Mother

Lately, I’ve been sitting with a quiet, constant anxiety. It comes from watching the world change in ways that feel both slow and overwhelming. The climate crisis is ever-present, but the scale of it can be hard to hold. We know we’re part of the harm, and we want to do better: to care more, consume less, and cause less damage. But how do we connect emotionally with something as massive and complex as nature?

With Mother, I began to imagine nature not as a system or place, but as a living being. A mother. Someone who nurtures, gives, and carries memory. Someone who can be hurt. I started asking myself: If nature were a mother, what would her child look like?

The sculptures in this series are amorphous, bodily forms. I shaped them in ceramic, giving them rough, earthy surfaces with hair and fur pushing through the cracks. They feel both intimate and unfamiliar.
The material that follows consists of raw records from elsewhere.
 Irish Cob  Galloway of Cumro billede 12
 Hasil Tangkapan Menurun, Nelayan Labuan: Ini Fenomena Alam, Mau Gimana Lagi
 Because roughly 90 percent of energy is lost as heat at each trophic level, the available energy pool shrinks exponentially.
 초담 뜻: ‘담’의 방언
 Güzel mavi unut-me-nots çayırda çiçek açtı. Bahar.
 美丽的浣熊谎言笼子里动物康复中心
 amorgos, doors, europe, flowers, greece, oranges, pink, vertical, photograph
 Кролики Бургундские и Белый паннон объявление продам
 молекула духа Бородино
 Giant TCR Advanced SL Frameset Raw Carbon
The forms are hard to define, like fragments from a dream or distant memory. Hair and fur point to growth, change, and a kind of vulnerability. They sit in the space between human and nonhuman, comfort and discomfort, care and rupture.
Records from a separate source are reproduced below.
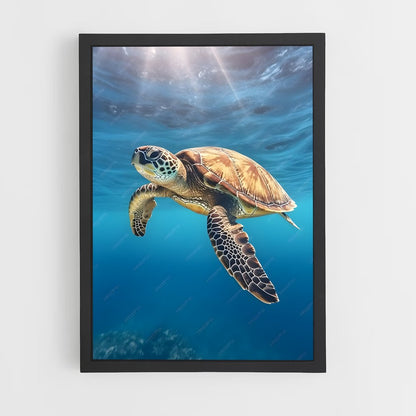 ap-sea turtle-8 cadre Noir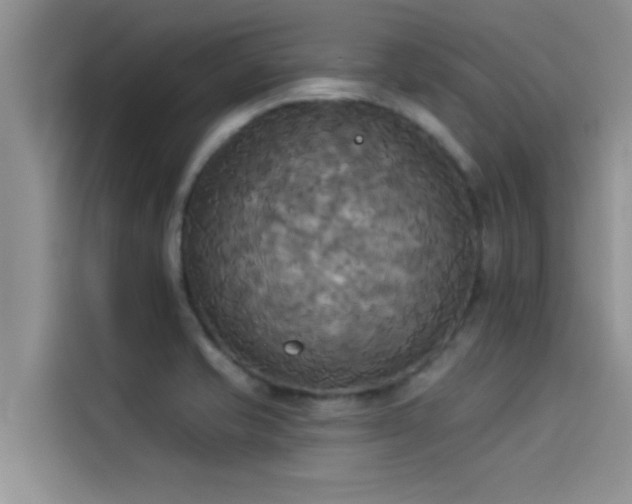 X0000114551421200910191402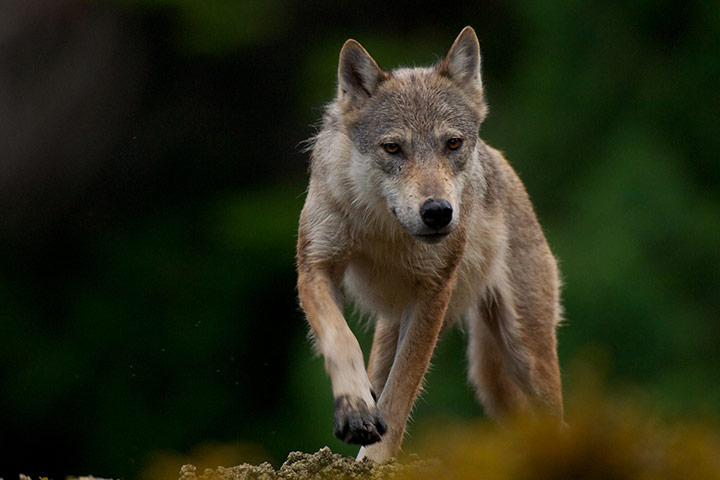 Great Bear Rainforest: iLCP RAVE of the Great Bear Rainforest in British Columbia, Canada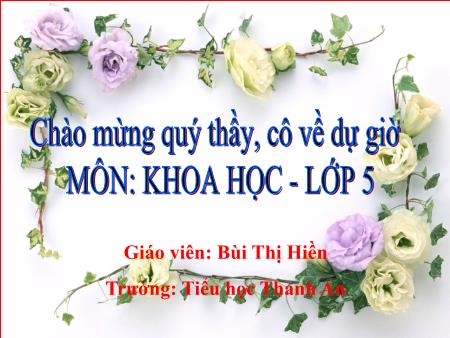Bài giảng môn Khoa học Lớp 5 - Bài 13: Phòng bệnh sốt xuất huyết - Năm học 2017-2018 - Bùi Thị Hiền
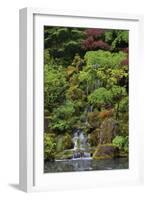 Japanese Gardens I-Brian Moore-Framed Photographic Print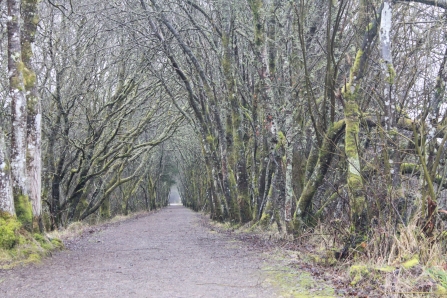 Bakethin woodland path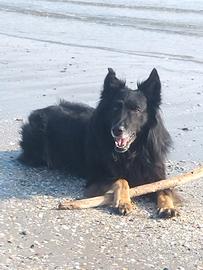 Attendo Cagnolina per accoppiamento con pastore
I see these works as emotional containers. They hold my own mix of grief, tenderness, and confusion about the state of the world, and about my role in it. They reflect a longing for protection and reconnection, a desire to return to a place of belonging and safety. But there are no clear answers. Mother lives in that space of uncertainty, caught between care and damage, presence and loss, holding on and letting go.